Żaden z funkcjonariuszy nie poniósł konsekwencji karnych. Sprawa wyszła na jaw
dzięki materiałowi TVN 24.
Afera Bartłomieja Misiewicza
Nazwisko Misiewicza stało się synonimem kariery w rządzie PiS. Ten 25-letni
pracownik apteki w Łomiankach był w czasach rządów PO-PSL asystentem Antoniego
Macierewicza. Po wyborach został szefem gabinetu nowego ministra obrony. W
grudniu 2016 r. kierował siłowym przejęciem Centrum Kontrwywiadu NATO w
Warszawie, rok później dostał od Macierewicza złoty medal „Za zasługi dla
obronności”. W 2018 r. został zatrzymany przez CBA za nadużycia w Polskiej
Grupie Zbrojeniowej, gdzie dostał intratną posadę. Wyszedł z aresztu na wolność
po sześciu miesiącach.
Afera Wacława Berczyńskiego
Wacław Berczyński był jednym z najbliższych współpracowników Antoniego
Macierewicza z czasów „smoleńskiego zespołu parlamentarnego”, a po wyborach w
2015 r. został szefem specjalnej podkomisji, która miała udowodnić tezę o
zamachu 10 kwietnia 2010 r.
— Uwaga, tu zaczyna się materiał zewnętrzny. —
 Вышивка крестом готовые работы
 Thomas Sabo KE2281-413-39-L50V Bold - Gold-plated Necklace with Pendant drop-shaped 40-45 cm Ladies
Macierewicz wykorzystywał też Berczyńskiego jako
konsultanta w sprawie przetargu poprzedniego rządu na zakup francuskich
śmigłowców Caracal. Miał on nawet dostęp do tajnych dokumentów. W wywiadzie dla
„Dziennika Gazety Prawnej” pochwalił się, że to on „uwalił caracale”, czyli
przyczynił się do unieważnienia kontraktu. Wybuchła afera, Berczyński wyjechał
z Polski, a faksem zrezygnował z kierowana podkomisją smoleńską.
Afera Polskiej Fundacji Narodowej
Powołana przez rząd, by „bronić dobrego imienia Polski za granicą”, stała się
symbolem bezmyślnego trwonienia pieniędzy. Polska Fundacja Narodowa dostała
ogromne pieniądze od spółek skarbu państwa - w sumie ok. 250 mln zł.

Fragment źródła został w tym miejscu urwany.